** Opening THE DATA block **

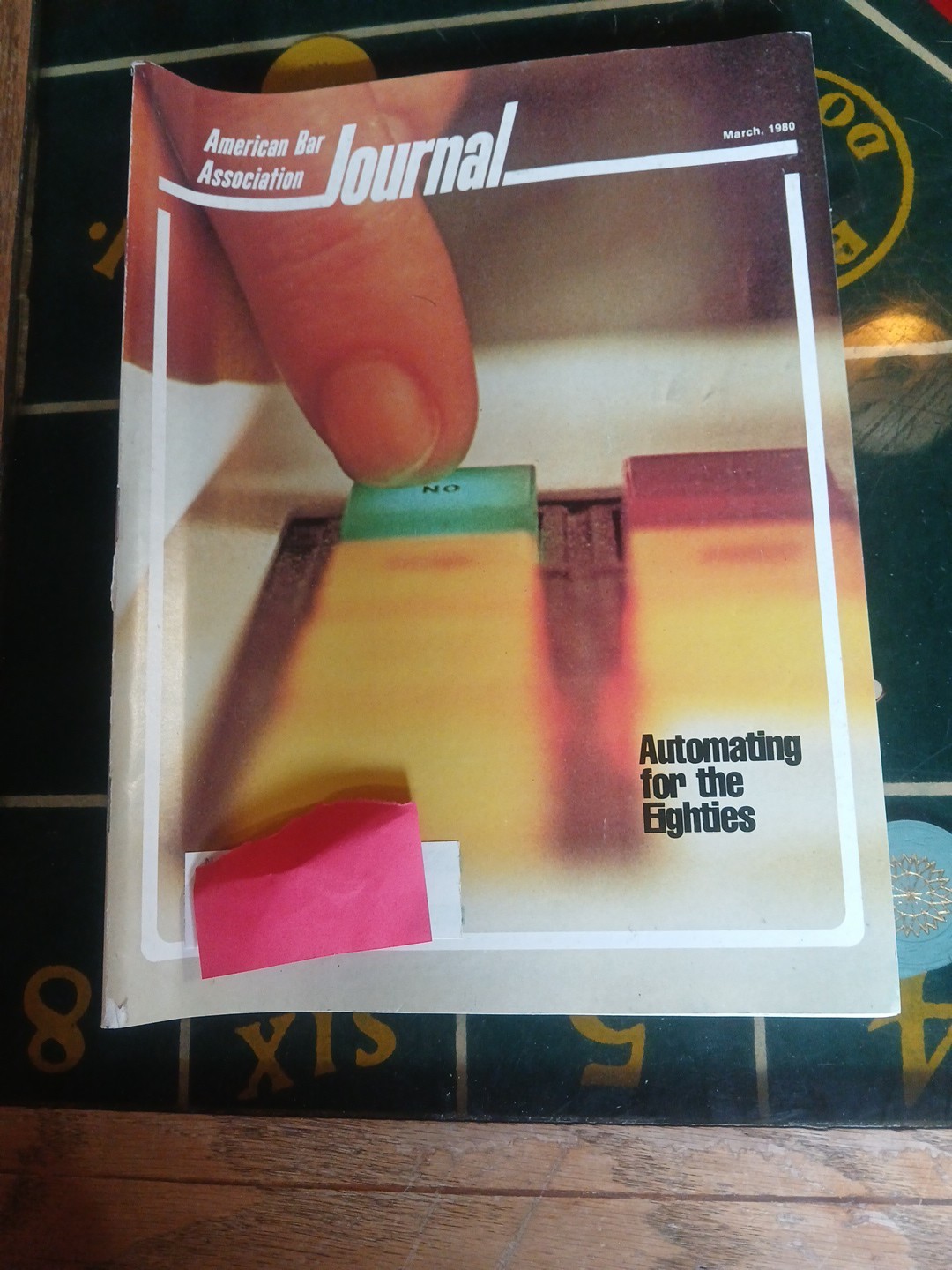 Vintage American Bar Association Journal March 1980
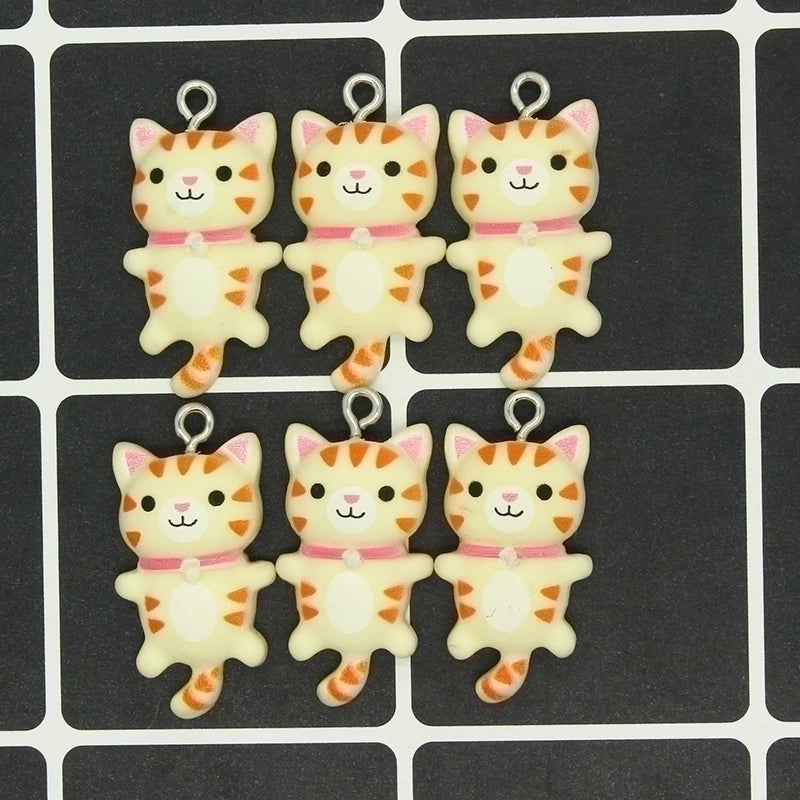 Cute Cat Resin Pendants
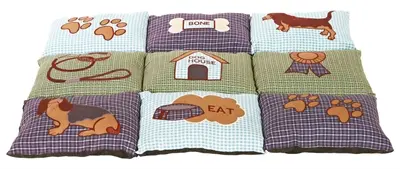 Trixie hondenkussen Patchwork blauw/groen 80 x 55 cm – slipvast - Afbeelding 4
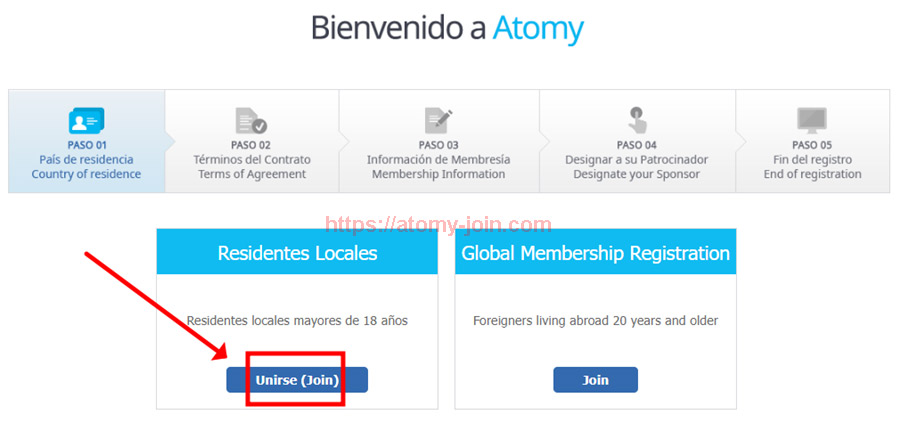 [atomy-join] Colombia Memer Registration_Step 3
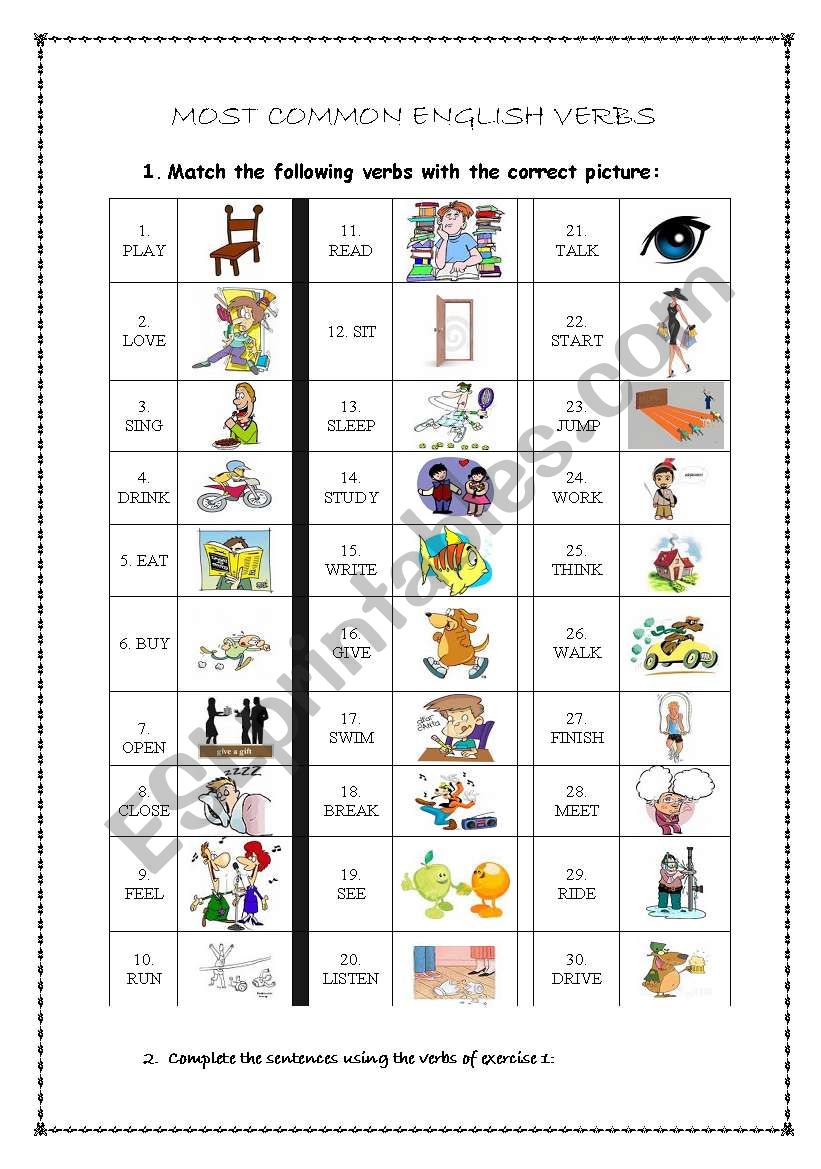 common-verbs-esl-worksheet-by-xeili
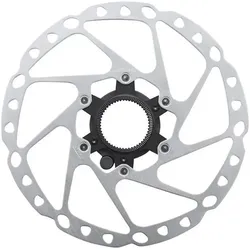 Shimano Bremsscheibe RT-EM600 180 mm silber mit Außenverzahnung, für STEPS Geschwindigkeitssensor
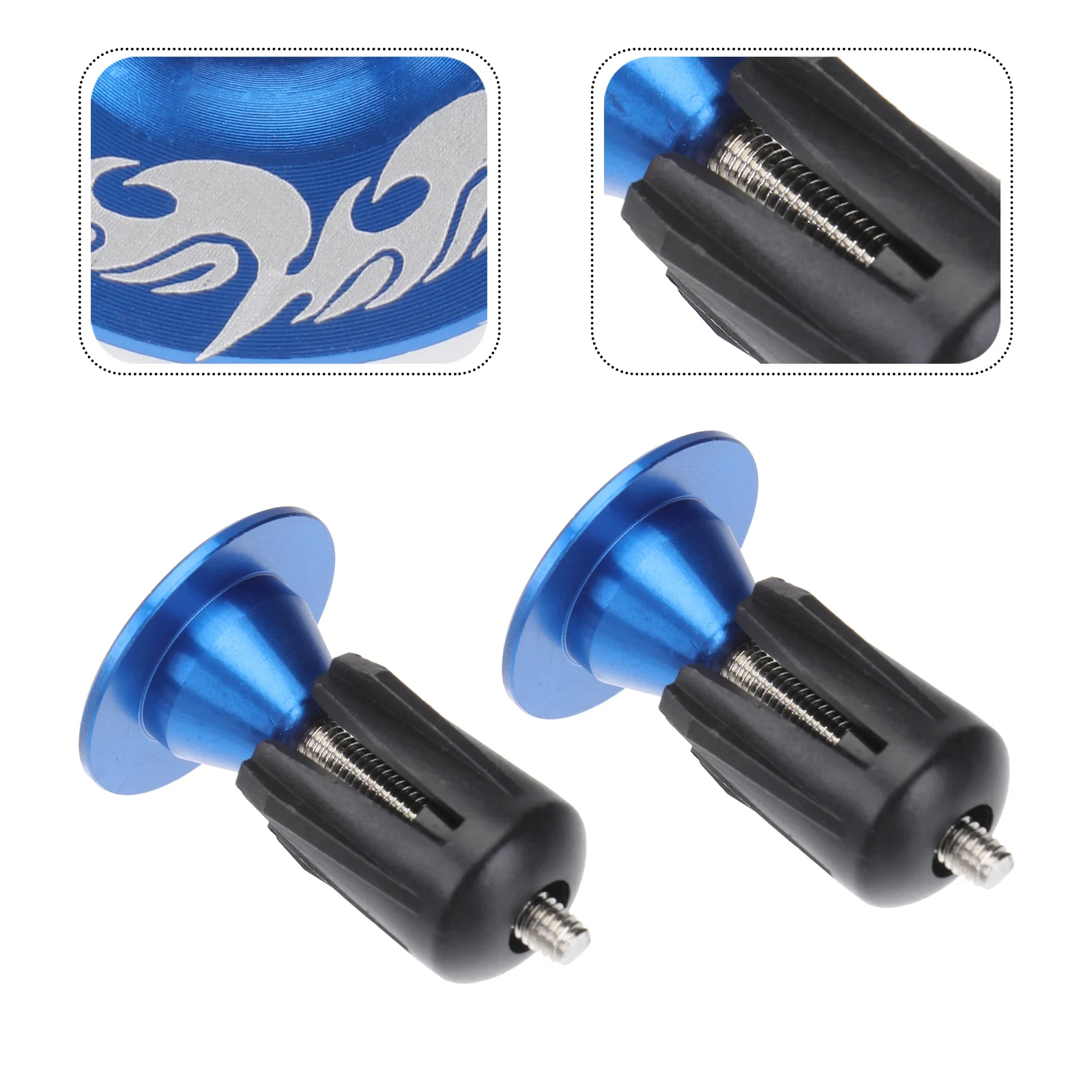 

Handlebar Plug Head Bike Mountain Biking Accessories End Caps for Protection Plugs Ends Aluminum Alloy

** Closing THE DATA block **
** Opening THE DATA block **

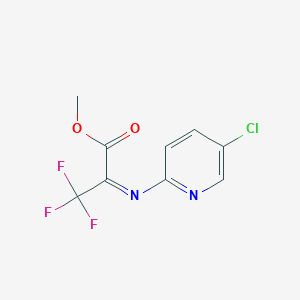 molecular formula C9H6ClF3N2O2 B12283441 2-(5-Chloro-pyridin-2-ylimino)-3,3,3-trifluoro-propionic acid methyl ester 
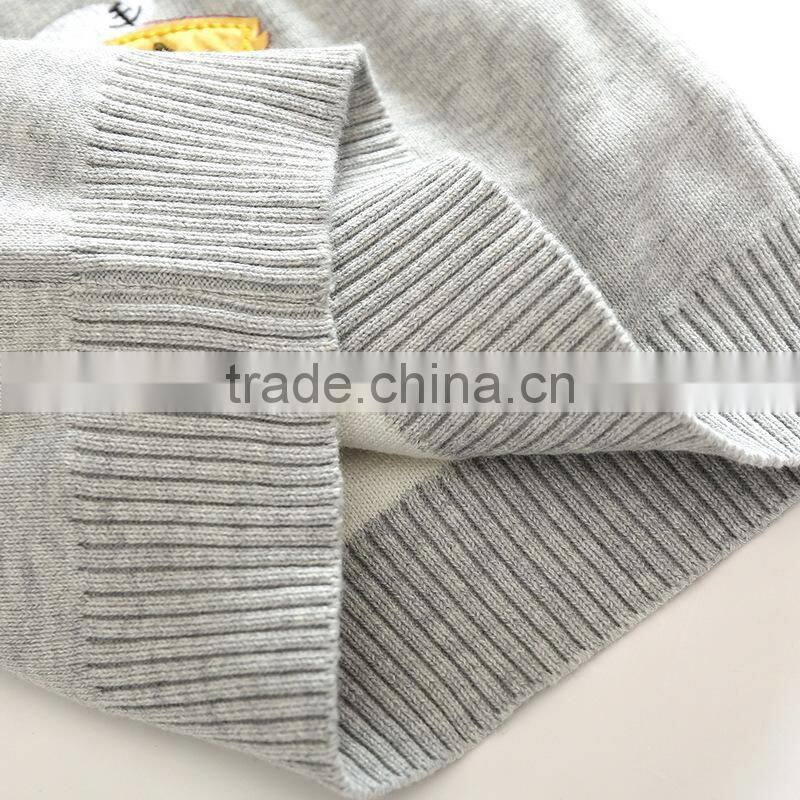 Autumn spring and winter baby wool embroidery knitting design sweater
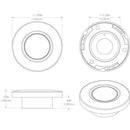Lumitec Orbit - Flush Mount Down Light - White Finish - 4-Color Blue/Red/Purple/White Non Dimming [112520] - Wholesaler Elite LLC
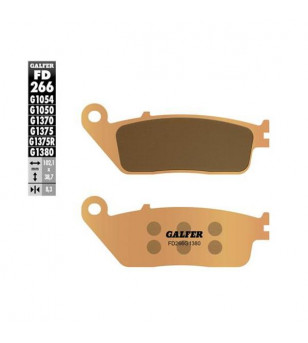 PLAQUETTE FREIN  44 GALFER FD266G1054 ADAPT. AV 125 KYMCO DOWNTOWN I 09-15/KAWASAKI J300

** Closing THE DATA block **

WORK ITEM ▸ Skipping every picture, transcribe exactly the lines above from the one containing "[atomy-join] Colombia Memer" through the one containing "Handlebar Plug Head", both included.

EXERCISE RESPONSE ▸
 [atomy-join] Colombia Memer Registration_Step 3
 common-verbs-esl-worksheet-by-xeili
 Shimano Bremsscheibe RT-EM600 180 mm silber mit Außenverzahnung, für STEPS Geschwindigkeitssensor

Handlebar Plug Head Bike Mountain Biking Accessories End Caps for Protection Plugs Ends Aluminum Alloy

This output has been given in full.